Another way to look at it is a fumble not recovered by the defense does not reward nor penalize the offense anywhere else on the field so why does it here?
Point well-taken, but there's an answer to that of course... the end zone is
the unique place "anywhere else on the field." It's inherently the end of the line, like nowhere else on the field. Once you cross the ball crosses that threshold, everything changes.
The fumble
has to reward someone, either the offense or the defense.
One may reply, "Well yes, but if a fumble goes into the end zone under the Holy Roller (Dave Casper) rule, and someone on offense other than the fumbler recovers in the end zone, then the ball goes back to where it was fumbled... which is exactly what we're pleading for here."
But wait. Notice "someone
on offense...
recovers in the end zone." That still is a difference... if someone on
defense recovers, then it self-evidently is a touch back.
This, again, is self-evidently a situation where there is no third option.

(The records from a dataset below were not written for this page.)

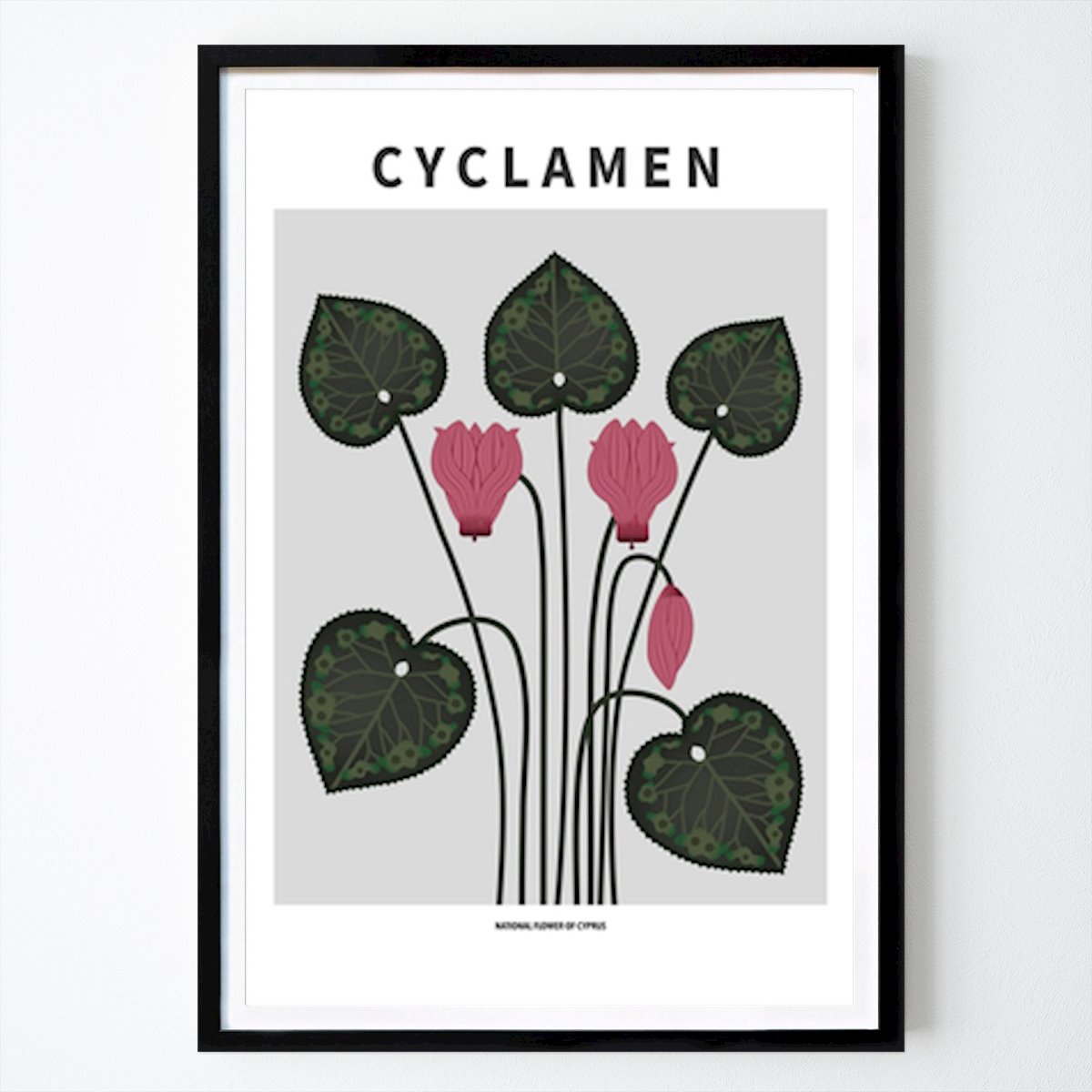 Botanical Poster: Elegance Of Cyclamen: The National Flower Of Cyprus by Paperago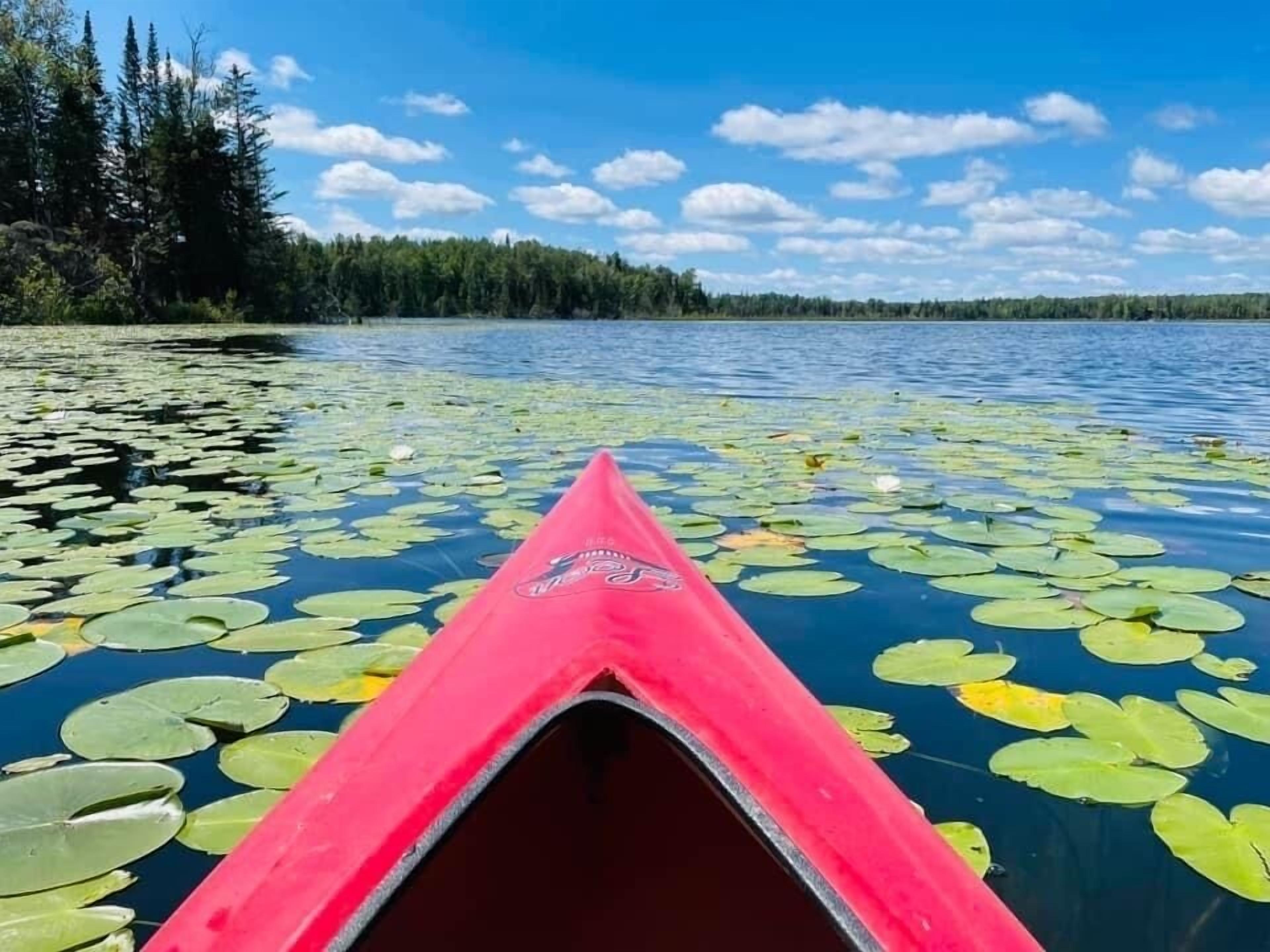 Water's Edge LAKE Cabin ~Beach~Kayaks~Wifi~SUP Board~Campfire~State Park Nearby!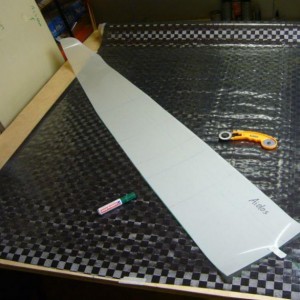 wing 38 carbon cutting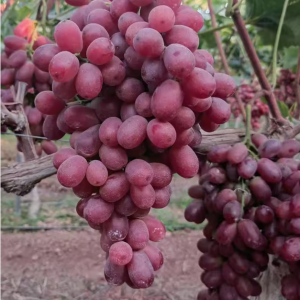 Grapes: red grapes, green grapes, organic seedless grapes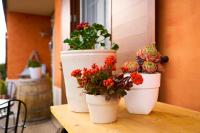 Al Chiaro di Luna - B&B Paternopoli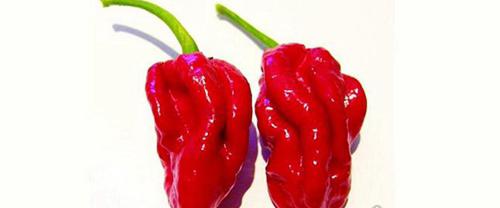 世界上最辣的辣椒排名
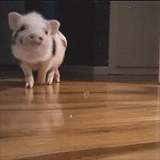 3Sr0.gif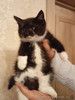 Ищет дом котенок Кузя.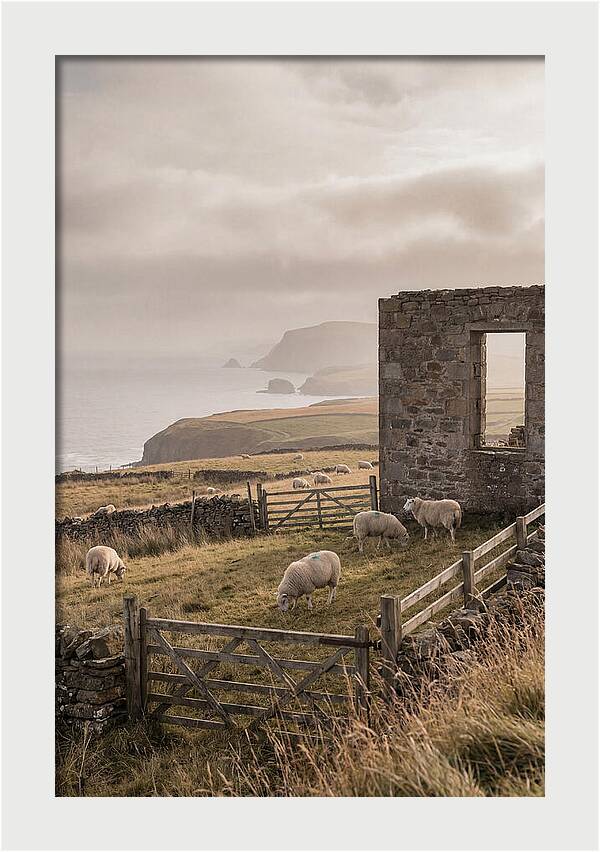 Coastal Serenity With Grazing Sheep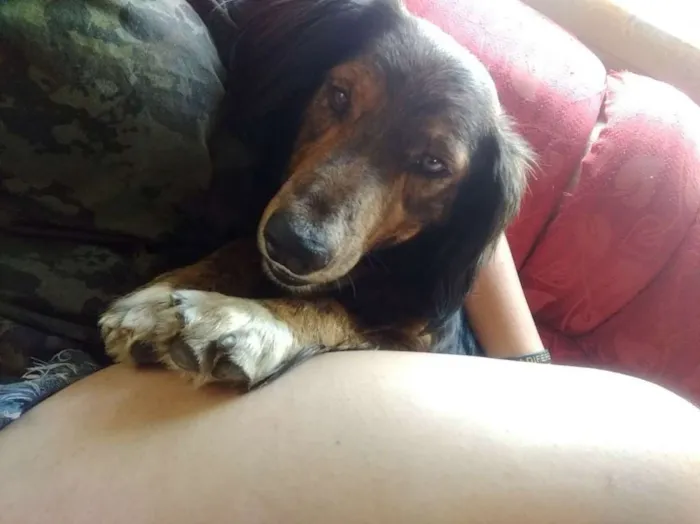 Cachorro ra a  idade 2 anos nome Marley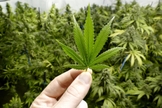 Plantação de cannabis. (Foto: Reprodução / Veja)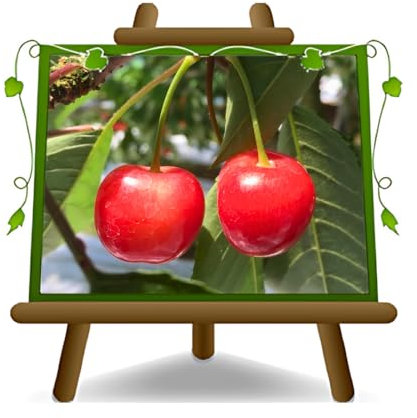 EURO PLANTS VIVAI Ciliegio Acido Visciola di Ancona su Vaso da 24/26 cm Pianta da Frutto Antico Autofertile - Altezza 160~180 cm - Età 4 Anni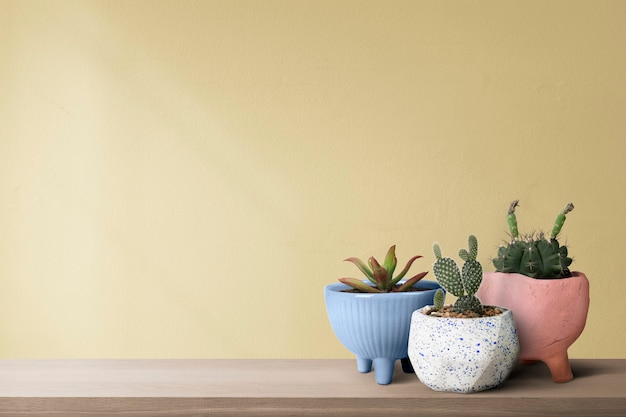 Free photo small cacti with a yellow wall background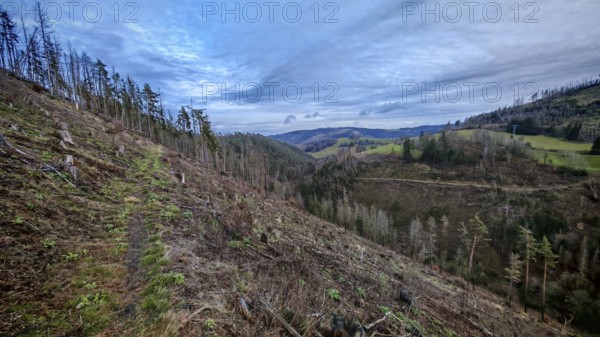 Path through extensive landscape with felled, cleared spruces (picea) with harvesting machine and open areas in the forest, tree trunks lying around, destroyed by the bark beetle (scolytinae), apocalyptic, Rennsteig, Thuringian Forest nature park Park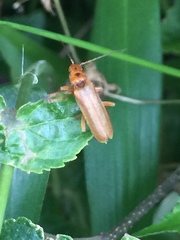 Lycocerus vitellinus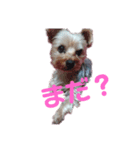 犬のソラちゃん（個別スタンプ：5）
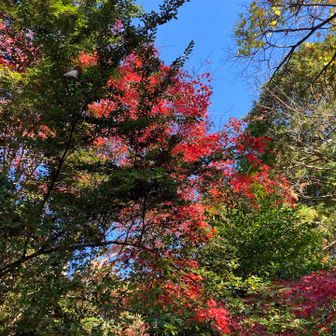行者堂の綺麗な紅葉🍁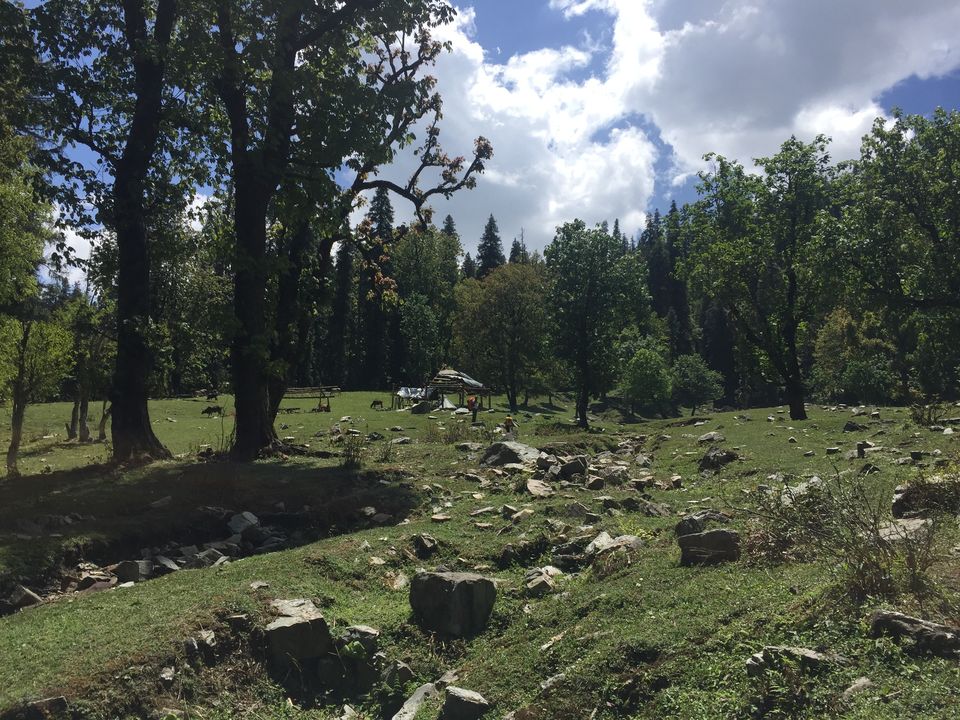 Photo of Kedarkantha Trek - An unforgettable experience 29/76 by Paromita Dutta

Could you choose to treat it like a Holy Roller play without catastrophically affecting the game, yes. You could. I won't lose sleep.
But the Holy Roller play doesn't involve an out-of-bounds situation. And the ordinary fumble out-of-bounds situation doesn't involve the end zone. When you have both elements, and you add to that the proposition that most often the defense
causes that fumble... it doesn't just drop out of Dave Casper's hands on its own... advantage, defense, imo... and there's just no compelling reason to change history on this one.
Footnote: Yes, I'm the same guy proposing an overhaul to the NFL's set-up, including conference structure and schedule format. (See NFL Zone "re-envisioned" thread.)
Because? Because there are benefits to be had. And so, it's not like I'm anti-change, obviously.